Problem details:
The lines to be extracted begin at the line containing "Libro Azul Subaru Forester 2020" and end at the last line of the data below; copy them exactly and leave out the pictures.

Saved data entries
===============

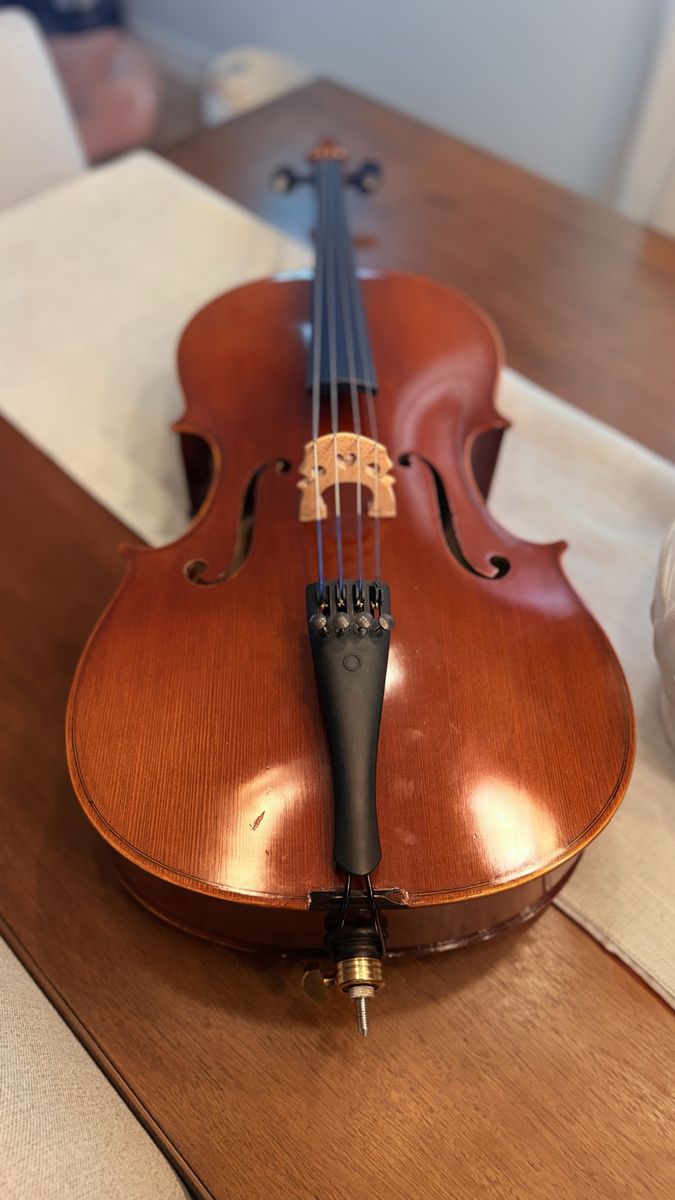 1/4 Cello Panetto Strings handcrafted local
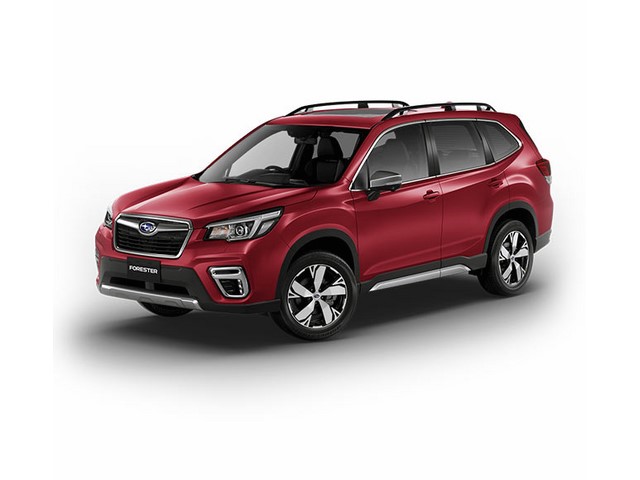 Libro Azul Subaru Forester 2020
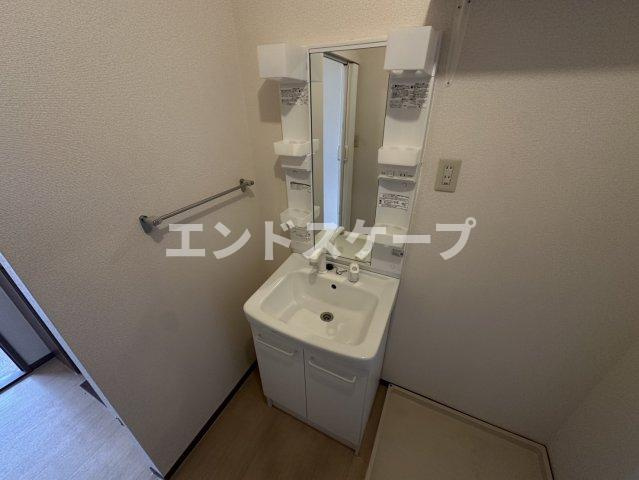 ルビナス　Ⅲの洗面所|高崎、前橋のお部屋探しはエンドスケープまで！お客様の理想お聞かせ下さい♪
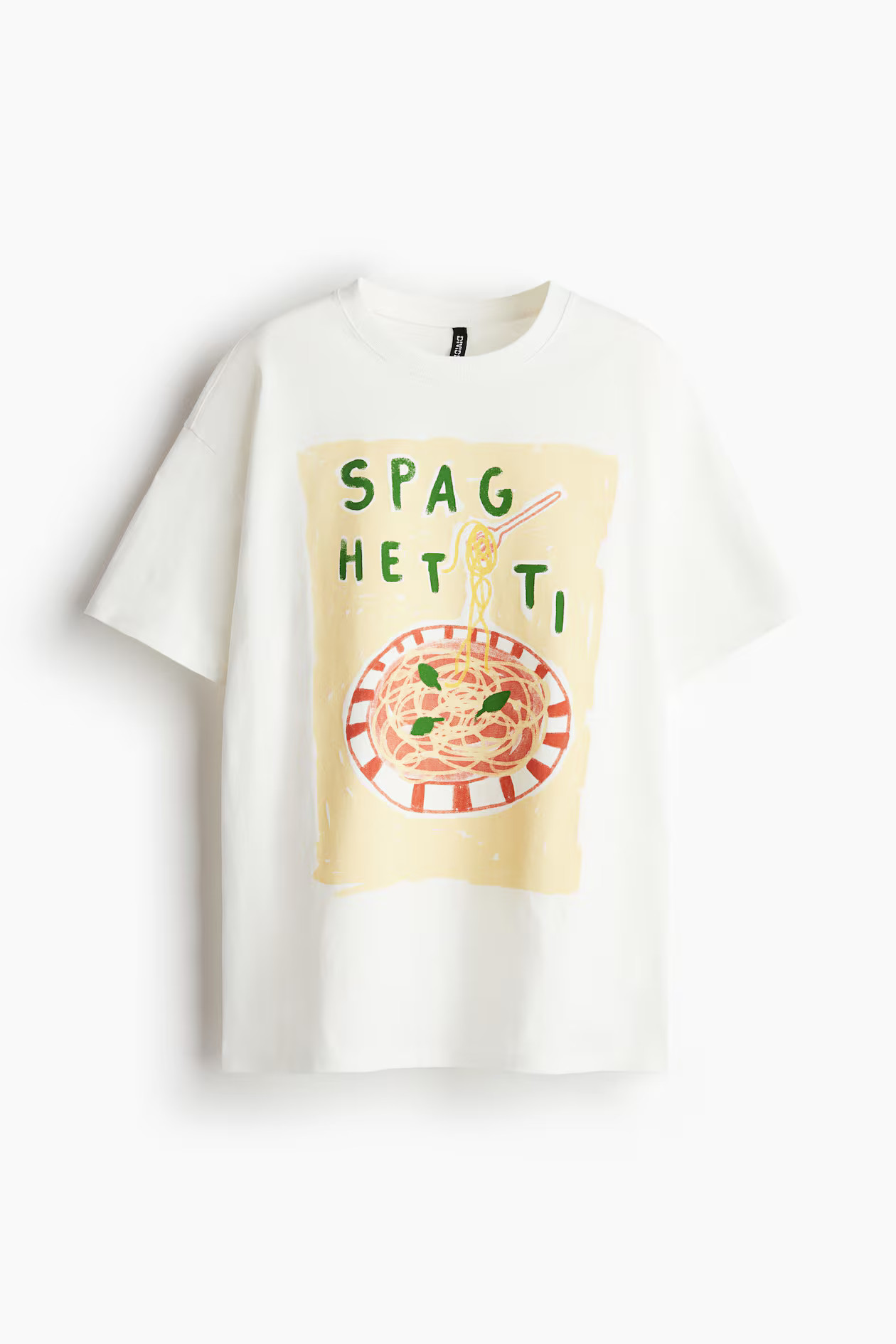 Oversized printed T-shirt | H&M (UK, MY, IN, SG, PH, TW, HK)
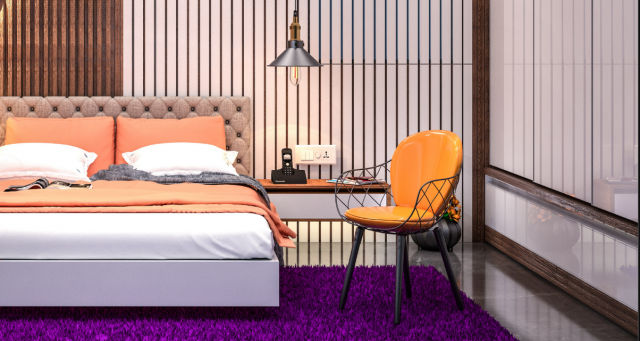 3d bedroom 3D Model .c4d .max .obj .3ds .fbx .stl .blend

===============

Written solution:
 Libro Azul Subaru Forester 2020
 ルビナス　Ⅲの洗面所|高崎、前橋のお部屋探しはエンドスケープまで！お客様の理想お聞かせ下さい♪
 Oversized printed T-shirt | H&M (UK, MY, IN, SG, PH, TW, HK)
 3d bedroom 3D Model .c4d .max .obj .3ds .fbx .stl .blend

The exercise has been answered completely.